I have a short essay on the Library of Law and Liberty site involving the idea of religious neutrality when it comes to American public and private education. It was occasioned in part by the Colorado Supreme Court’s recent decision invalidating, pursuant to its state Blaine Amendment, a local program that would have made tuition scholarships available to certain students, which the students could then use to pay to attend private religious and nonreligious schools. I criticize the decision but use it to talk about certain broader issues. Here’s a bit from the conclusion:
Focusing on these details of Colorado law, however, obscures certain larger questions. If “sectarian” truly does mean “Catholic,” and even if it means, as Black’s Law Dictionary says, “of, relating to, or involving a particular religious sect,” then any state Blaine Amendment with this language would be subject to constitutional challenge under the Supreme Court’s free exercise law. “Sectarian” does not sound particularly neutral; or, to the extent it does, it sounds in the rather counterintuitive neutrality of state-endorsed religious hostility. Yet even this perspective on the question of neutrality passes over the colossal non-neutrality of the government’s systematic and exclusive funding of its own putatively religion-neutral schools, to the detriment of able students—many of them from poor and educationally underserved communities—who would greatly benefit from private religious schooling. Neutrality between religion and non-religion seems to demand a plainly partial allocation of resources. Or, one variety of government neutrality—no funding of religious schools—obstructs the achievement of another—educational opportunity.
The question of the place of religion in American educational life—whether in the nation’s public schools or in its position on private religious schools—will not be answered by neutrality talk, for the fundamental reason that nothing in the projects of American education is or ever has been neutral toward religion. From the very first, it was precisely the non-neutrality of the state toward religion that has been one of the prime catalysts of cultural and legal development in American education policy, public and private. There is an understandable tendency among some opponents of state Blaine Amendments such as Colorado’s to reduce them to simple expressions of non-neutral anti-Catholicism. Often they were that, but they were more.
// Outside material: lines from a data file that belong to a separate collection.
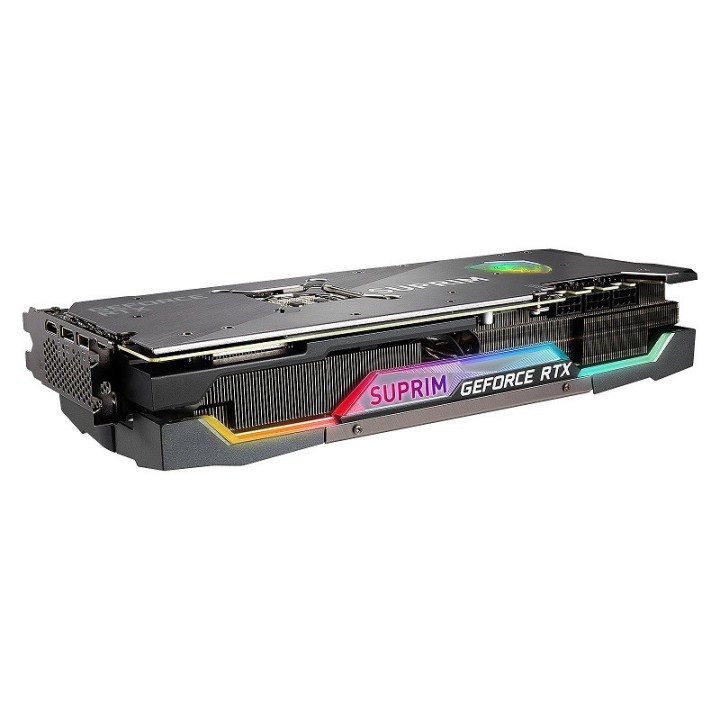 MSI GeForce RTX 3080 SUPRIM X 10GB GDDR6X Cartes graphiques MSI Maroc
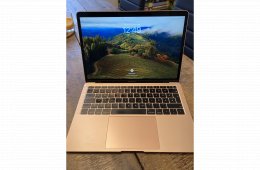 Megkímélt MacBook air 13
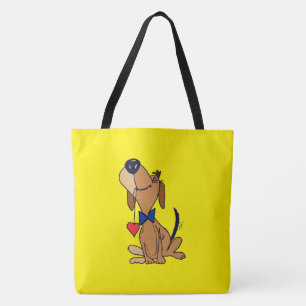 238 - Don Juan the Dog - Tote Bag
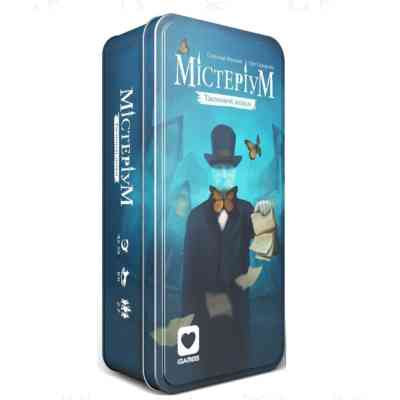 Настільна гра IGames Містеріум. Таємничі знаки ( доповнення) (4820166180080, 1603) Вінниця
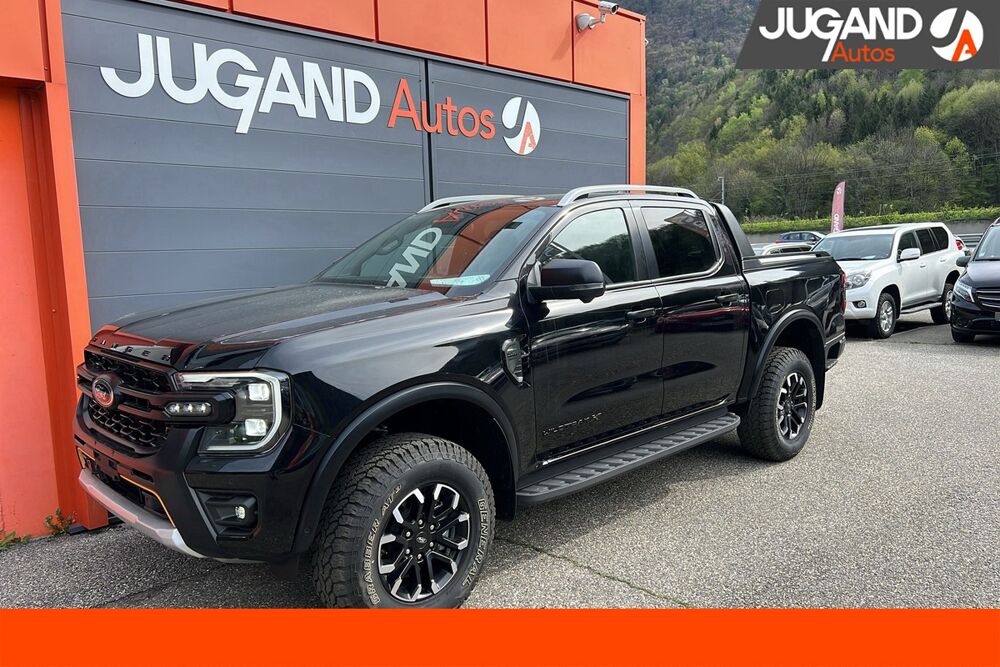 Ranger 205 WILDTRAK X PACK X RIDEAU 4PL 2026 occasion 73730 Cevins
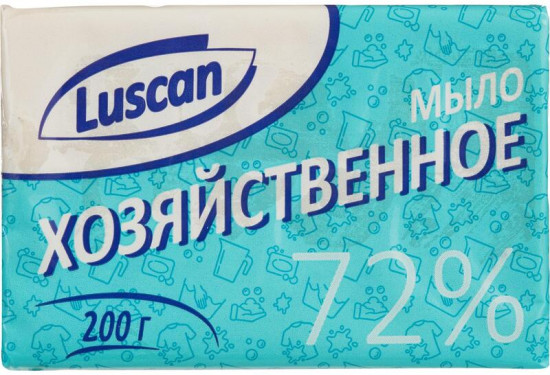 Мыло хозяйственное 72%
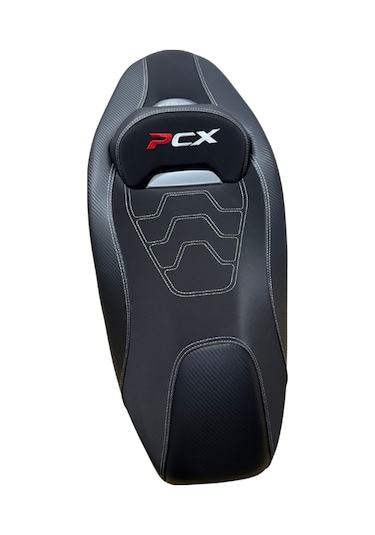 Hmapart Pcx Spor Koltuk 2021-2025 Siyah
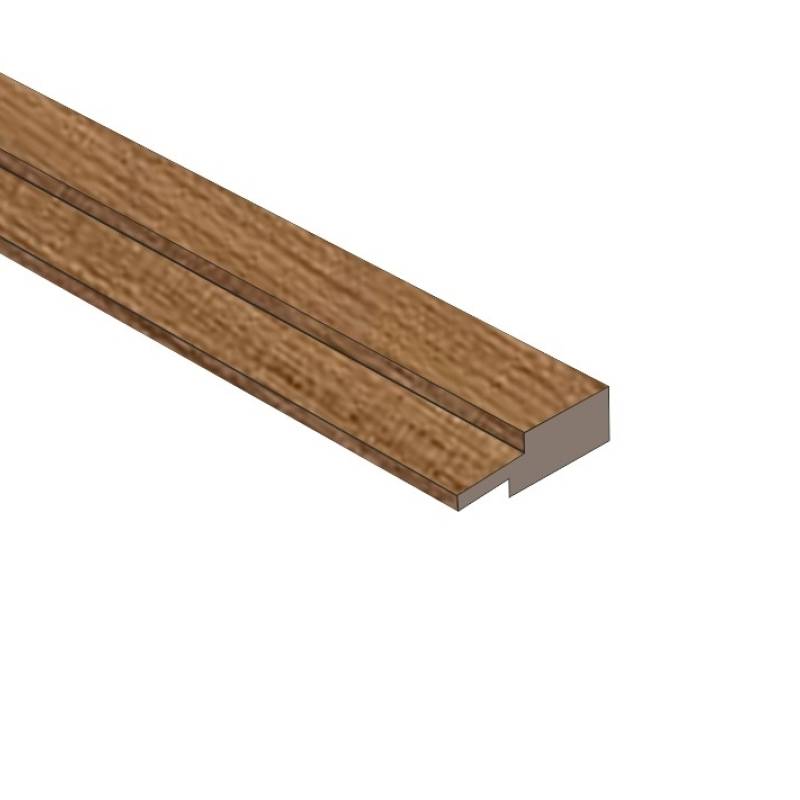 Listwa zakończeniowa Dąb naturalny Teak Prawa S, 120038285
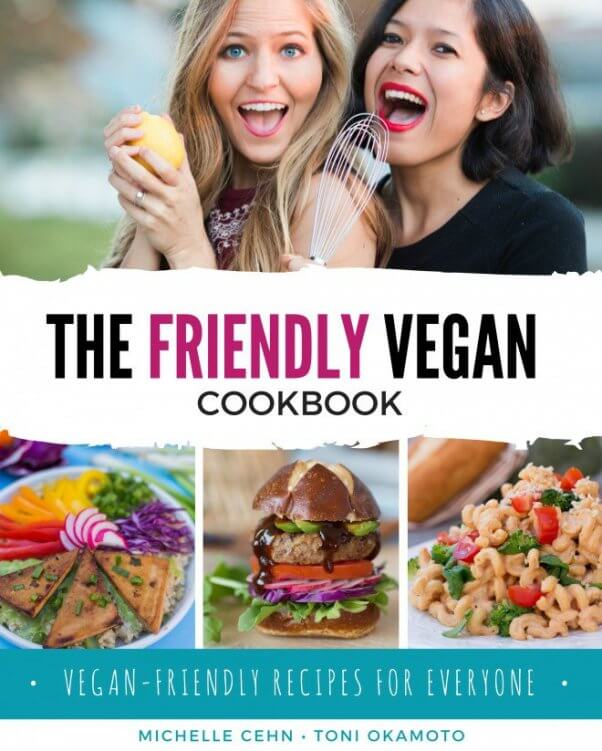 Friendly Vegan Cookbook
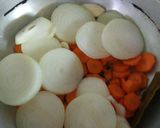 Foto del paso 1 de la receta: Filet de merluza escabechado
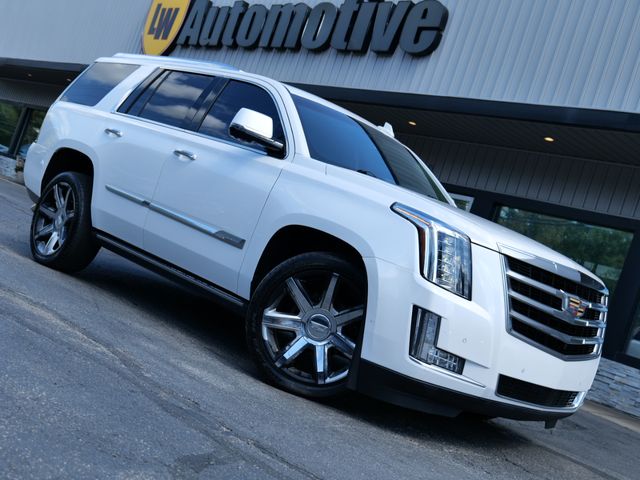 2016 Cadillac Escalade Premium Collection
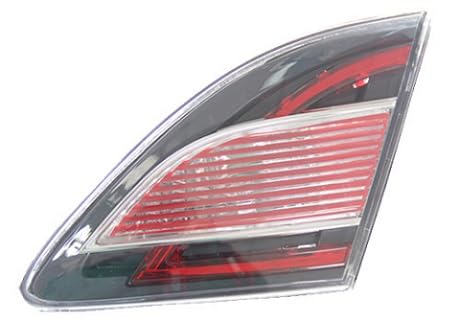 CG94 - GRUPPO OTTICO POSTERIORE | MA!ZD.A 6 2008 ROSSO SCURO 4/5 PORTE INTERNO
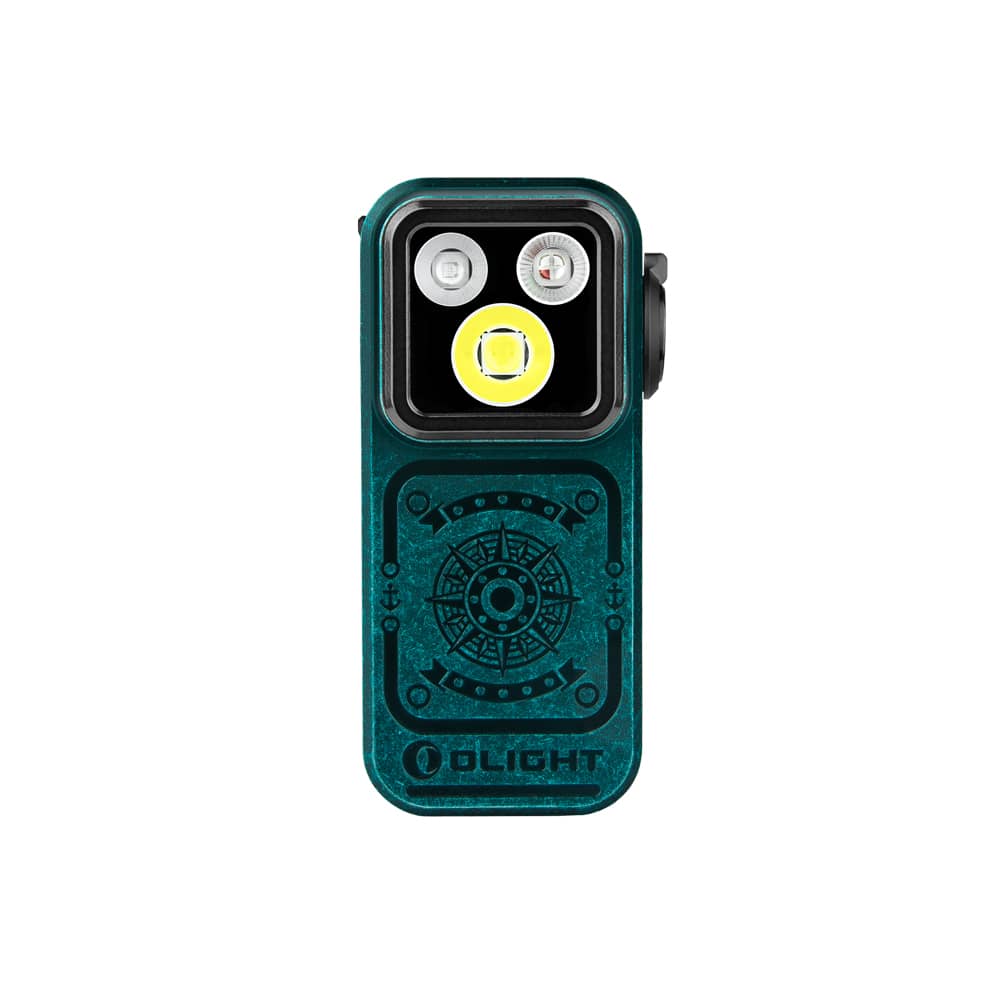 Olight Oclip Pro S Multifunctional EDC Clip Flashlight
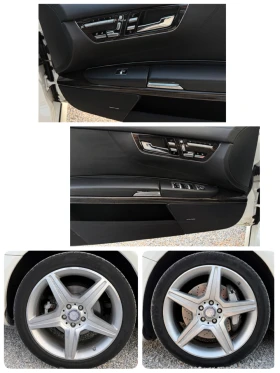 Обява за продажба на Mercedes-Benz CL 500 AMG-PACK FULL FULL HYSTORY ~39 999 лв. - изображение 6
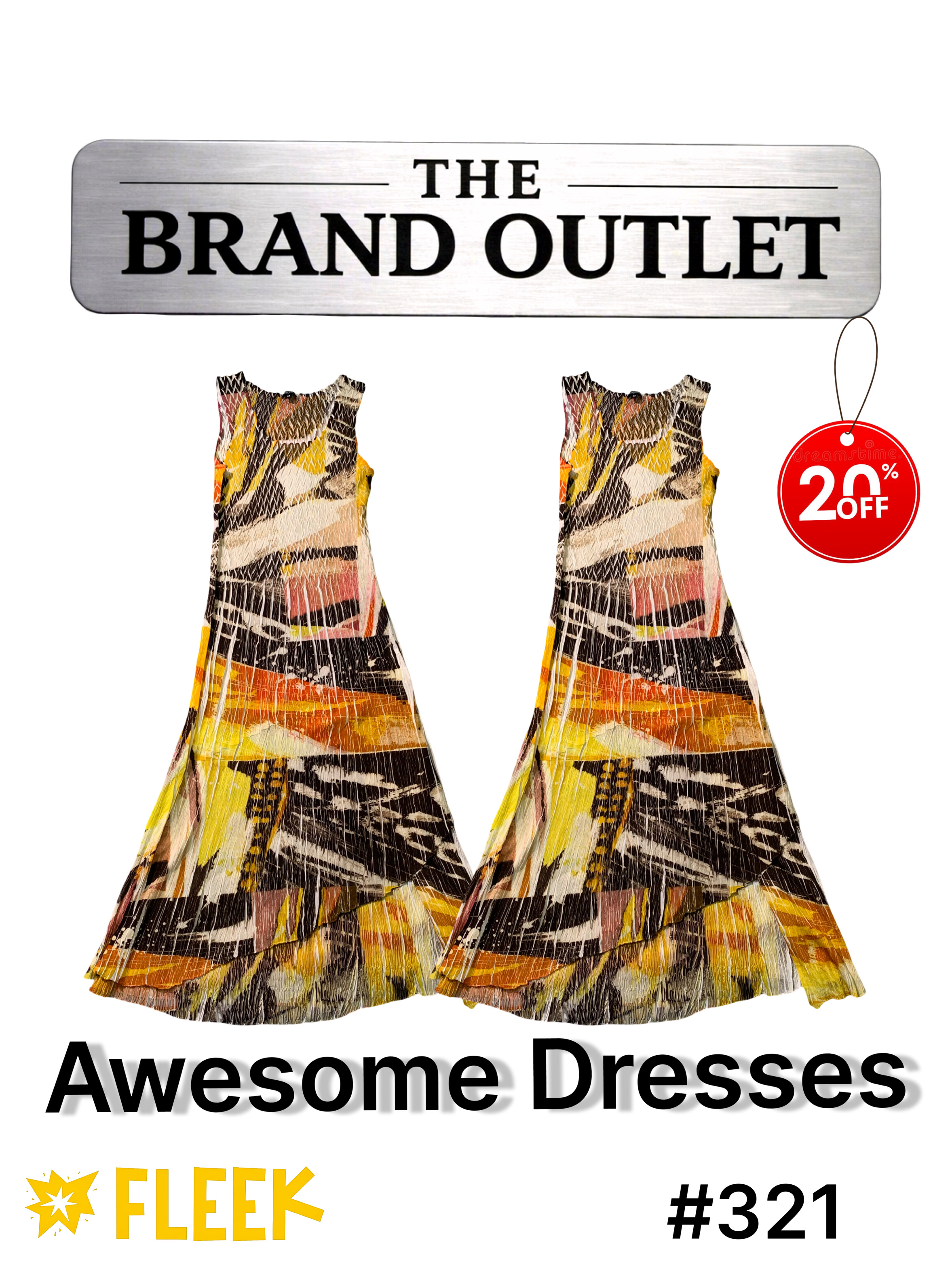 Awesome Dresses    #321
To understand them merely in these terms—as lamentable examples of “discrimination”—domesticates them. It consigns them to a history from which we have happily progressed now that we have entered an epoch in which the making of discriminations of any kind is taboo. It puffs us up with the Whiggish certitude that to repudiate the Blaine Amendments is to rid ourselves decisively of the very real problem they addressed. That problem—how to foster through education the common civic culture upon which the American polity, even still, depends—does not vanish by easy, self-congratulatory resort to the voguish platitudes of antidiscrimination. The Blaine Amendments were woefully inadequate responses to that problem, but responses nonetheless. The empty bromide of religious neutrality is no response at all.